The house stands on the shady corner of Main Street and South Street, in Brockport, New York. It is carefully preserved by volunteers. It is a beautiful and gracious mansion built in 1854 and the home of the Morgan-Manning family for over 100 years.
Okay, so who the heck is Morgan-Manning?
The house was the home of the Morgan family for 100 years. Its final owner, a 96-year old widow, Sarah Morgan-Manning, left the house to be preserved as a historical site, so that it would "stand forever as a monument to the fine old traditions that are so important to our national heritage".
And so it does.
The rooms are beautiful; the fireplaces and chandeliers, and all the appointments in the rooms take one back to the late 1800's; that nineteenth century grace and charm inhabit every delicious morsel of this home.
Dayton Morgan purchased this home 13 years after it was built to be his family homestead. Dayton Morgan was very instrumental in developing and improving the McCormick reaper, which was not a success as originally patented.
This reaper was an integral part of the agricultural revolution in America, which ultimately put America so far ahead in the global marketplace.
We don't realize it now, but not so long ago, a mere 150 years ago, most field and farm work was done by hand.
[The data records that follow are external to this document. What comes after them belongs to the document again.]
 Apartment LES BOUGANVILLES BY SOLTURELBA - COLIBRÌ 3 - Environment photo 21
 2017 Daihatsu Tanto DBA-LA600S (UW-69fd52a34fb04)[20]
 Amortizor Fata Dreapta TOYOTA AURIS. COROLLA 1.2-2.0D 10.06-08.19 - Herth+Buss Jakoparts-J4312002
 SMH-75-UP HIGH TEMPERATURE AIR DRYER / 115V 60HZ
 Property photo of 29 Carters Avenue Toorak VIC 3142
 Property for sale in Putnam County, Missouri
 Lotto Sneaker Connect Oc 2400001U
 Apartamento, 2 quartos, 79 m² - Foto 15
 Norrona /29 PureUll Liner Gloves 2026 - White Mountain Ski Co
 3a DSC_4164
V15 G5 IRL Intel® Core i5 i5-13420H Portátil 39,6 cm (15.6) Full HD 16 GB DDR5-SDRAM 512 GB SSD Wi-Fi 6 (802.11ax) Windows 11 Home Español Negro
Harvesting was done by hand; it would take a dozen or so people doing the back-breaking work of scything the wheat to harvest a ten-acre field of wheat.
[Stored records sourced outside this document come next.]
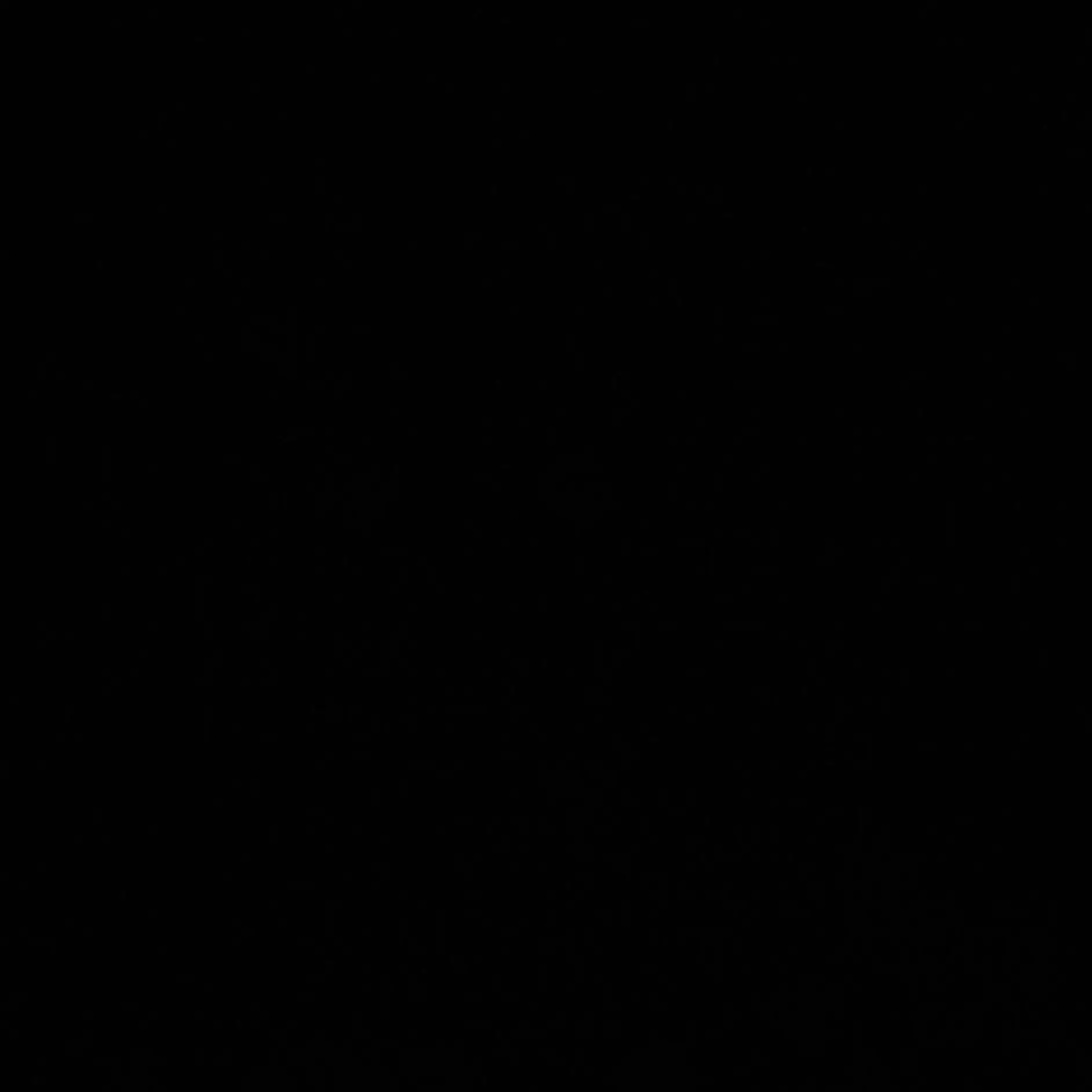 FluidBeat6057의 일진 히나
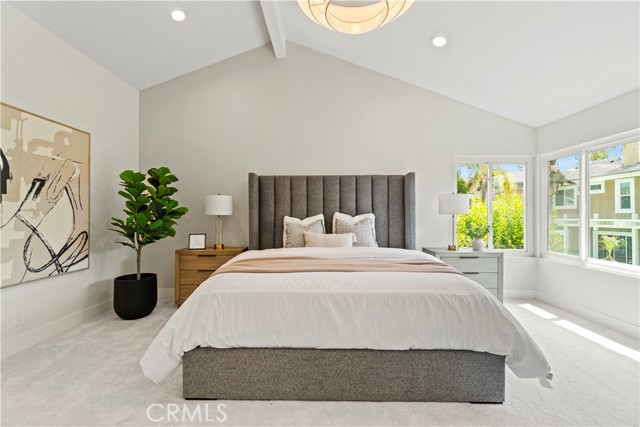 16 Harrisburg, Irvine CA: https://media.crmls.org/medias/a8e20b42-300e-4105-a4c7-007f053d8ff8.jpg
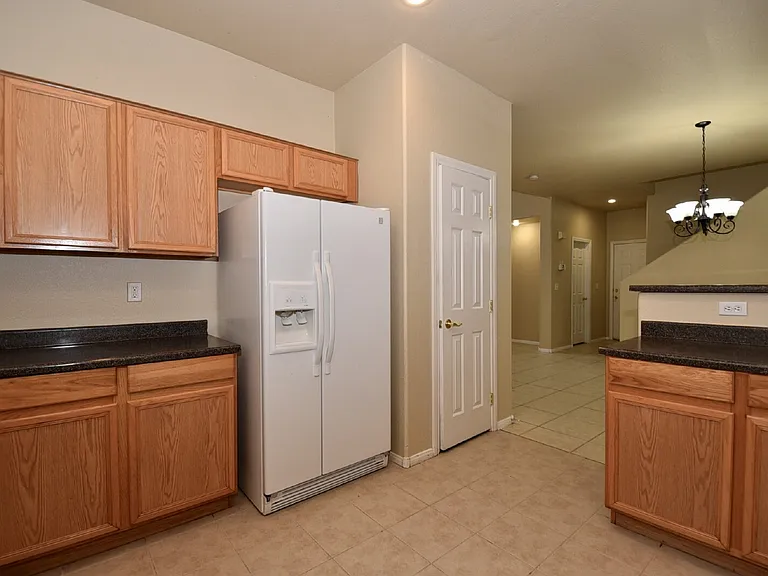9067 Vintage Wine Ave — Photo 13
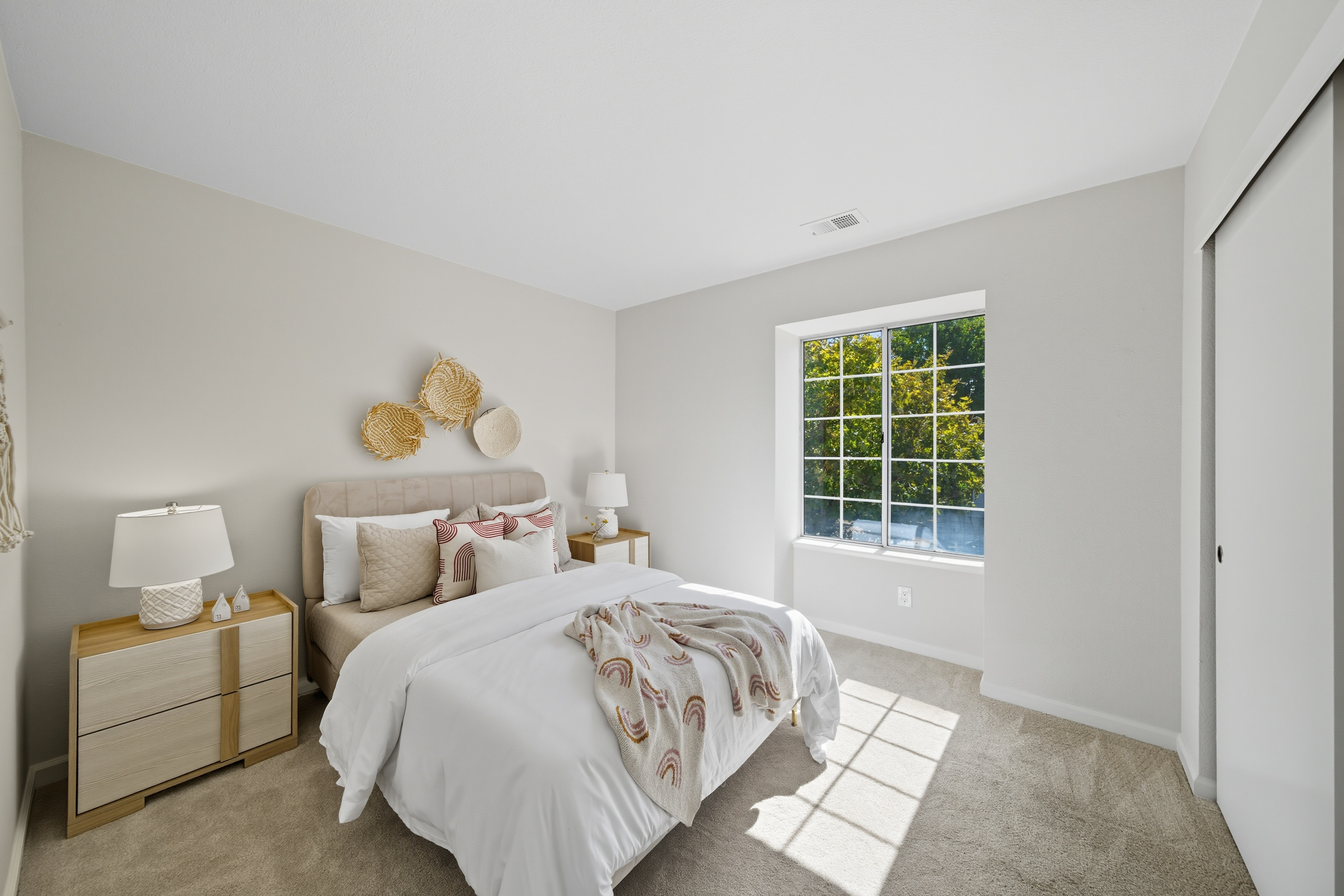 35672 Terrace Drive 
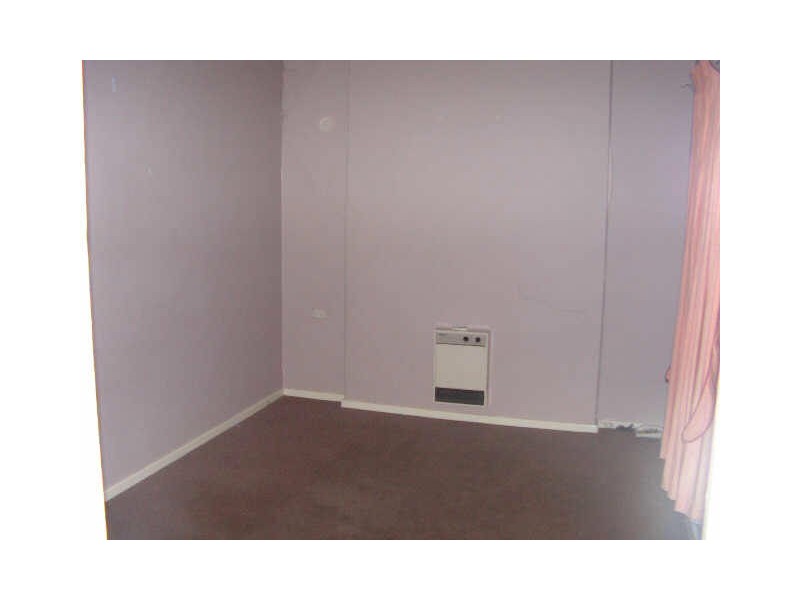 35 Haynes Road, Elizabeth Grove SA 5112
I saw a sign in the Morgan-Manning home saying "The reaper will never replace the scythe!" Oh, fools they! It is obviously much quicker and more efficient to have a machine do this labor.
Now, agriculture is "agribusiness". Machines do everything, it seems, and much more efficiently than people can. Gone are the little farmers; gone are the small fields and gone are the land workers, whose jobs were so backbreaking and hard, and also seasonal.
We don't' realize it but the agricultural revolution, which mirrored the industrial revolution, began so much later, and in America, not in Europe. America had the space, the wide-open space, the acres upon acres of arable land, to make machines not only desirable but necessary to be profitable.
And the agricultural revolution began with the reaper. People were still using draft animals to plow when the reaper caught on.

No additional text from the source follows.